- Work required: Count the lines below holding "space" and answer with that number only.

───── Dataset

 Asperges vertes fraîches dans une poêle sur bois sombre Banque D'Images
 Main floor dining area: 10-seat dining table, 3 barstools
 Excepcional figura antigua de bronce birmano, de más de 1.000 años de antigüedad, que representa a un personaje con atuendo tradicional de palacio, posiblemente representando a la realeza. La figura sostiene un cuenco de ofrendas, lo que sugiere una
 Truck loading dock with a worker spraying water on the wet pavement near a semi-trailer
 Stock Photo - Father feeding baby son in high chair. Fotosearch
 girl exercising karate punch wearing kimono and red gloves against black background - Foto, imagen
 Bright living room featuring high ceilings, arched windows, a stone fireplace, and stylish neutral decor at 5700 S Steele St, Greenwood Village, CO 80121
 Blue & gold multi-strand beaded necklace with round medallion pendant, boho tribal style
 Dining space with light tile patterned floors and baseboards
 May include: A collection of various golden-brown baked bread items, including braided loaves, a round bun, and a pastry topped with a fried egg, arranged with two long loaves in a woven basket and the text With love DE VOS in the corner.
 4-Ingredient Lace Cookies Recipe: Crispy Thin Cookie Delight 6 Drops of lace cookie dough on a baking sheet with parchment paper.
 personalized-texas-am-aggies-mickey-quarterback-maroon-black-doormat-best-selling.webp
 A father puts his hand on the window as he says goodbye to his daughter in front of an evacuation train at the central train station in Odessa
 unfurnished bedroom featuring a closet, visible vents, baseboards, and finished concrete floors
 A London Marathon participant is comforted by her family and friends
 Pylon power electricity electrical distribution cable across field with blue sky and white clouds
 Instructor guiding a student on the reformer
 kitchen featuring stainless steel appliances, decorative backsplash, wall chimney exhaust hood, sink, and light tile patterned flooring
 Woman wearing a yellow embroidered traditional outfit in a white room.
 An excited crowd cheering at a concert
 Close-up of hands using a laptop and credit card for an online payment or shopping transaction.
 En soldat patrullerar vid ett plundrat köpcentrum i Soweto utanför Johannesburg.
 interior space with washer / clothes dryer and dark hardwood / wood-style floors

──────────

- Response for this exercise: 2